The Future of Education: Why Is It Trendy to Trash the Classics?

Although I am trying to be peaceful and positive— avoiding the crowd, steering clear of argument, making chitchat for the greater good, bicycling to save a devastated planet—I have decided to respond to an irresponsible, depressing article published at the Millennial blog, Book Riot“When You Hate the Classics, But You’re an English Teacher.” 

First, let me say I have known many splendid, well-read English teachers.  And yet I have been appalled by others who have not cracked a classic since college.

The writer Lily Dunn may well be of the latter persuasion.  She begins, “Hello, my name is Lily and I hate the Classics. Also, I am an English teacher.”

She writes,

I know what you’re thinking.…but wouldn’t it be more hypocritical if I made my students read books I pretended to love while secretly wishing I could bring the dead author back to life just to tell him (it’s usually a him) how overrated he is? 
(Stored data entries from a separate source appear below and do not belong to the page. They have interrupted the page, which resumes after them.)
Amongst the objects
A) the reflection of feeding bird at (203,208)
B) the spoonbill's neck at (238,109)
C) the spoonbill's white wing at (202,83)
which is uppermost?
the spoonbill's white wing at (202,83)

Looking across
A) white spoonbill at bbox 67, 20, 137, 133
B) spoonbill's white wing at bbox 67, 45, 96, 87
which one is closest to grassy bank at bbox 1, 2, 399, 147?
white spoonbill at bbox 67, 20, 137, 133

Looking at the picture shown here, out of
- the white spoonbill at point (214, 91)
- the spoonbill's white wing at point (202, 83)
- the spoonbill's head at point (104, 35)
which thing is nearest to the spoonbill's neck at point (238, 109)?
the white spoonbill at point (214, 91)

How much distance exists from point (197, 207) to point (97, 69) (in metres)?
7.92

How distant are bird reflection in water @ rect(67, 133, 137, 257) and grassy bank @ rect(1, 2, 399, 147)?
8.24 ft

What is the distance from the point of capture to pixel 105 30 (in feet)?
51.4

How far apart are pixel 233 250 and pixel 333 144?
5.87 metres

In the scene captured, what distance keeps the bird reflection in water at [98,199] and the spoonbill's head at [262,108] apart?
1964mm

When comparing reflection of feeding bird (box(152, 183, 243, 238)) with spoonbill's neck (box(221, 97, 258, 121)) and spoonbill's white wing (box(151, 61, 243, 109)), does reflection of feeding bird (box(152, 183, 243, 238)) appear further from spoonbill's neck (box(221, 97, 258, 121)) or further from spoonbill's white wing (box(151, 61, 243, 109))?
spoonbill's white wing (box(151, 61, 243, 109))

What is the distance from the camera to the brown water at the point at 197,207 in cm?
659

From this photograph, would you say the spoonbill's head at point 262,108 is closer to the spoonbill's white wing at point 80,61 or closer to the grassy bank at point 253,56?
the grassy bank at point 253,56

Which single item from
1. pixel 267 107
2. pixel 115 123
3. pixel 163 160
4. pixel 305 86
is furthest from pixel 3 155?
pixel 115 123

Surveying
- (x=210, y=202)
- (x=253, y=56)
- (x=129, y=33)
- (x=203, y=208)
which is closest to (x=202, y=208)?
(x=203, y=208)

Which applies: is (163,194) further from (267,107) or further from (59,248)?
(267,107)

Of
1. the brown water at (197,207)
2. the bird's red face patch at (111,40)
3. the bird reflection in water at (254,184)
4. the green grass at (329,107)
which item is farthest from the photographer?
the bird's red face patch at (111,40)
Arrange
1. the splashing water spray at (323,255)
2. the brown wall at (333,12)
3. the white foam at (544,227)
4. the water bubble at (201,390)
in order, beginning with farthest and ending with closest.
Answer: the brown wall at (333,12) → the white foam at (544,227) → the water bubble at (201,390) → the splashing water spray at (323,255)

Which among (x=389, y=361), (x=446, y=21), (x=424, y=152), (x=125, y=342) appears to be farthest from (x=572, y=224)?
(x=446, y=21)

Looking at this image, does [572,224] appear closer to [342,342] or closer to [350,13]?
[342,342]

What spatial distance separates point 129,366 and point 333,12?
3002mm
Indeed, Dunn is an equal-opportunity enemy of the classics: she spares neither sex in her ravings.  She despises Hawthorne’s The  Scarlet Letter, Jack Kerouac’s On the Road, Emily Bronte’s Wuthering Heights, Melville’s Moby Dick,  Mark Twain (she finds the dialect too challenging), Joyce’s Ulysses, and Thomas Hardy’s Tess of the D’Urbervilles.  
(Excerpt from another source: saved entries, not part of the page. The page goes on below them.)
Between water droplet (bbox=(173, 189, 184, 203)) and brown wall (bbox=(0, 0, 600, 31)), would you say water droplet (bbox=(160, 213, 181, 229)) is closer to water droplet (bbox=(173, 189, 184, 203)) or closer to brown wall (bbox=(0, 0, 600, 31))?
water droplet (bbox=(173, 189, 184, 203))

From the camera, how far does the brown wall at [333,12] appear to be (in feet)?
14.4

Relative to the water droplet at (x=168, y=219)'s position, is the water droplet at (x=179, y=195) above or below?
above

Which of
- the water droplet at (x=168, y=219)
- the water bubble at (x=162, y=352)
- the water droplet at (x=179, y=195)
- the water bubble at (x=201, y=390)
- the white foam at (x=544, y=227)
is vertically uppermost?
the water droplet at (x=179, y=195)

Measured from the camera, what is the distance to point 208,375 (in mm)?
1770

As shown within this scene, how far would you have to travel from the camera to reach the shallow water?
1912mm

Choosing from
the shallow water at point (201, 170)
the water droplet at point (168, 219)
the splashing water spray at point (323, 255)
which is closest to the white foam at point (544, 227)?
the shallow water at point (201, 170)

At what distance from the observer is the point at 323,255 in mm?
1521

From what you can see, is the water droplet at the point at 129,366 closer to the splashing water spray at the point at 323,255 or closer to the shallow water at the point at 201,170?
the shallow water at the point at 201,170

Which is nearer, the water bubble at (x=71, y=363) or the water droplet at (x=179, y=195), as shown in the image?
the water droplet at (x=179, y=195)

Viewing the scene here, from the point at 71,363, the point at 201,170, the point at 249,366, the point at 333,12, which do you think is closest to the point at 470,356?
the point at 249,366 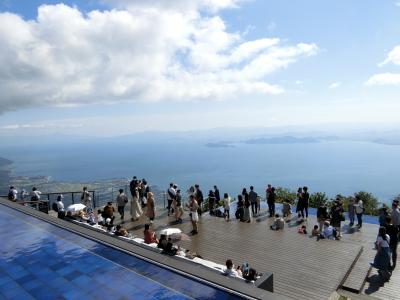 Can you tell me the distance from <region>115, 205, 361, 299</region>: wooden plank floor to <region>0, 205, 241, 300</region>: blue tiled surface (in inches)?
159

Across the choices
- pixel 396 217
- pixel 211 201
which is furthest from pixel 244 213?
pixel 396 217

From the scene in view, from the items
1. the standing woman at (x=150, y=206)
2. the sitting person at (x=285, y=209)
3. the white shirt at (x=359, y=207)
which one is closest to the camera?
the white shirt at (x=359, y=207)

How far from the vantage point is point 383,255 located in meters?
10.4

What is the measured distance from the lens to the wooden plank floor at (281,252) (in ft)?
32.1

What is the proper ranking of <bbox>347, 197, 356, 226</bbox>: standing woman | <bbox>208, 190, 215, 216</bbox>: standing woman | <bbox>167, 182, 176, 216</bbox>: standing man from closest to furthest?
1. <bbox>347, 197, 356, 226</bbox>: standing woman
2. <bbox>167, 182, 176, 216</bbox>: standing man
3. <bbox>208, 190, 215, 216</bbox>: standing woman

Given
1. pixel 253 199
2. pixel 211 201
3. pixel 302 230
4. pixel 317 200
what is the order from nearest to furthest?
pixel 302 230
pixel 253 199
pixel 211 201
pixel 317 200

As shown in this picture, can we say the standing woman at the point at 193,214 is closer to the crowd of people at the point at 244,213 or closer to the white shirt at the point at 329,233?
the crowd of people at the point at 244,213

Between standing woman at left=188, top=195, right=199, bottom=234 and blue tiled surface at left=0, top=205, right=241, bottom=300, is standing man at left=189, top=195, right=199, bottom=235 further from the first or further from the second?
blue tiled surface at left=0, top=205, right=241, bottom=300

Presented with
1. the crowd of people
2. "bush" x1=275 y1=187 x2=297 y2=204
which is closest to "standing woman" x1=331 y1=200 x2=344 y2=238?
the crowd of people

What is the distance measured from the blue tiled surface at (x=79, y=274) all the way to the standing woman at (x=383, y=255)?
6.38 m

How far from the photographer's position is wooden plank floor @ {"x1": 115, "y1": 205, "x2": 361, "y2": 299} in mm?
9773

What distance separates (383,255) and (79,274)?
9123 mm

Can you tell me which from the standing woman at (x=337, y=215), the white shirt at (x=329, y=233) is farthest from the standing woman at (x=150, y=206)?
the standing woman at (x=337, y=215)

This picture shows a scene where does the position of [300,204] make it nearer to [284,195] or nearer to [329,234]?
[329,234]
One does wonder if she has finished  any of these books.  She writes of her loathing of Thomas Hardy, “I can’t expect a 17th century author to be all woke.”  Can’t you imagine her professor writing gently in the margin, “Victorian”? 
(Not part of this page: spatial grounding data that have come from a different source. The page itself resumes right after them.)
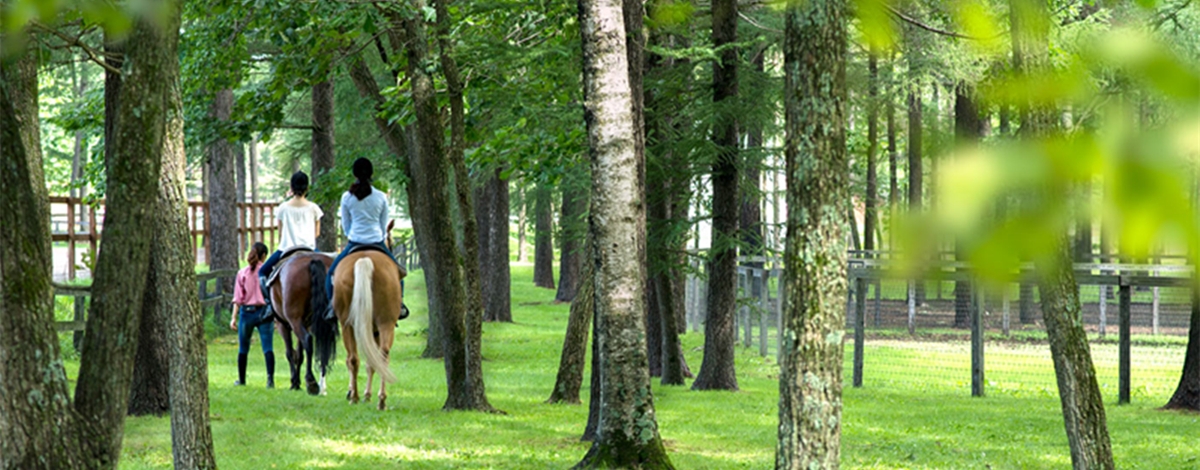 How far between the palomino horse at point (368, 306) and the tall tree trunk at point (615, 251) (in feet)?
15.1

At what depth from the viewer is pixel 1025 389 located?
1869cm

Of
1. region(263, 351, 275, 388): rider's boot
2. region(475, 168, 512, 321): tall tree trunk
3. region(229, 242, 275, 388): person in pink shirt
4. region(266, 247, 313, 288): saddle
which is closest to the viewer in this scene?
region(266, 247, 313, 288): saddle

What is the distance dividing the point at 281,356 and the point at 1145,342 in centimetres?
1607

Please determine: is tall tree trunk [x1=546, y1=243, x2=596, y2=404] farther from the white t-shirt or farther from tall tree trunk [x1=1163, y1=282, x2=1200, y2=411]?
tall tree trunk [x1=1163, y1=282, x2=1200, y2=411]

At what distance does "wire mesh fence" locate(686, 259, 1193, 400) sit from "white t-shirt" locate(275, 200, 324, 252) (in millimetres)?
4905

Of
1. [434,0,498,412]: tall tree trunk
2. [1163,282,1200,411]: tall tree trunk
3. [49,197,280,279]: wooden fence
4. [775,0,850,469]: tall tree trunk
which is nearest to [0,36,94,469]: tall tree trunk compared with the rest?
[49,197,280,279]: wooden fence

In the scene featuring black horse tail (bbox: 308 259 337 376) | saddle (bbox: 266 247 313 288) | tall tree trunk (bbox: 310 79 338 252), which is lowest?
black horse tail (bbox: 308 259 337 376)

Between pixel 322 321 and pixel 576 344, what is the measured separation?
2.79 m

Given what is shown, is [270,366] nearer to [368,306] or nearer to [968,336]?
[368,306]

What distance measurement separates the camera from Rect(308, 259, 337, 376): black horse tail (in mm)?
14500

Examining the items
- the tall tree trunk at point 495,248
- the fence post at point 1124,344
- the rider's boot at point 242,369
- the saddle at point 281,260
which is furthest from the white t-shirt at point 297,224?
the tall tree trunk at point 495,248

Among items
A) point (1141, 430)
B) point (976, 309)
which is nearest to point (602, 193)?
point (1141, 430)

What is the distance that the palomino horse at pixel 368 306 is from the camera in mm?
13398

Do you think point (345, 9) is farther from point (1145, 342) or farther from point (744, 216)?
point (1145, 342) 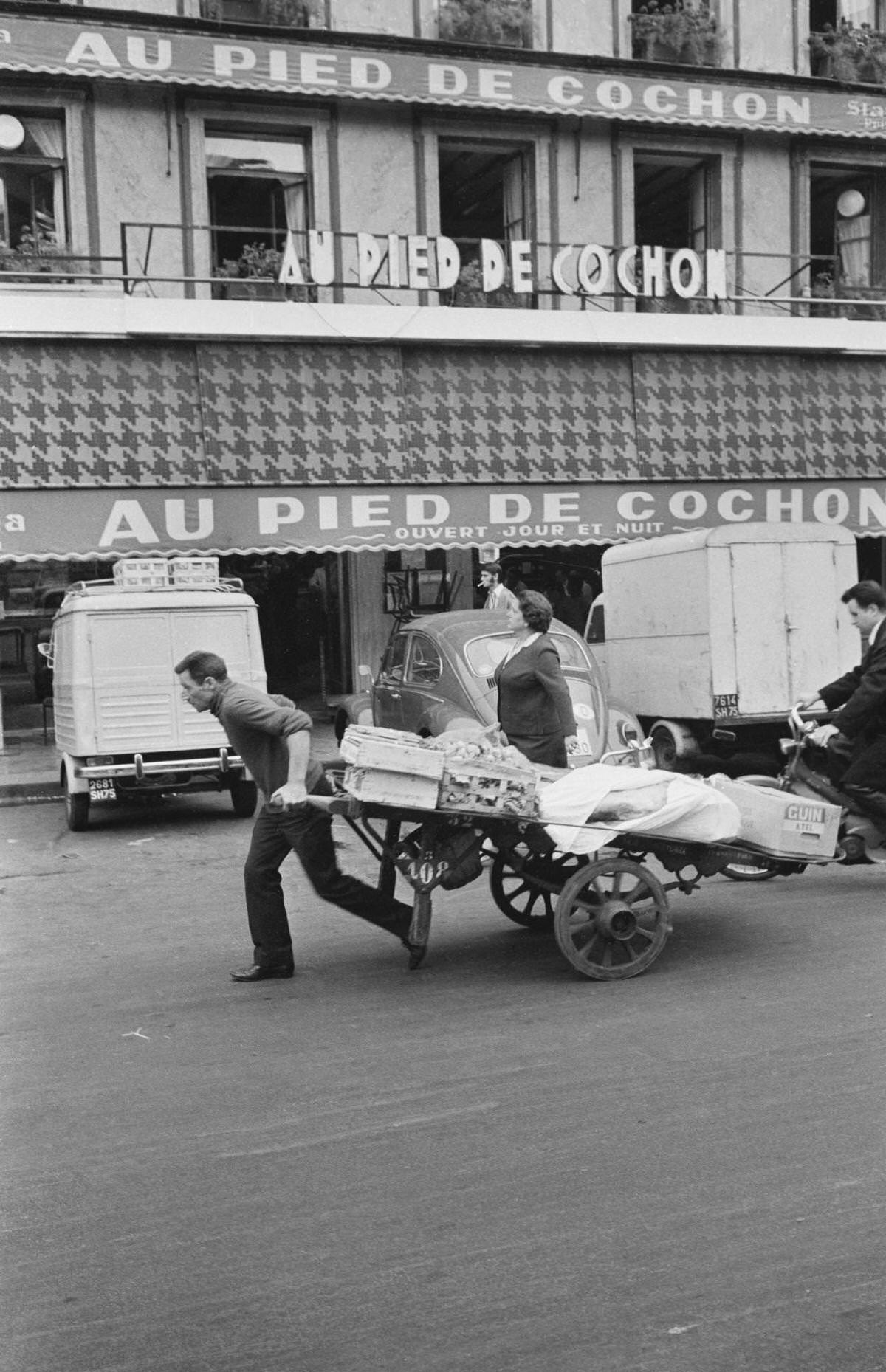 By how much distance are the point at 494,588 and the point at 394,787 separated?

I am sure Book Riot has some talented, bright contributors who could have written a thoughtful essay about the classics.

When you click on Dunn’s bio, you will discover that she is not a high school English literature teacher, as she implies, but a literacy teacher in Hong Kong.   

Whew!

23 thoughts on “The Future of Education: Why Is It Trendy to Trash the Classics?”

  1. Personal likes and dislikes form a wall to unprejudiced experience and thus to learning. We can’t get away from them entirely, and it’s better to be honest and not hypocritically pretend to like what we don’t- I think that’s the root of this trend to diss books that everyone is supposed to admire. But it can go too far! Wiser heads than mine have found meaning in books I can’t bear, and I can respect that even if I don’t share that experience.

        1. Oh, classics is a real category. I studied the Greek and Latin kind, but there are also many English classics. I agree that Book Riot can do better.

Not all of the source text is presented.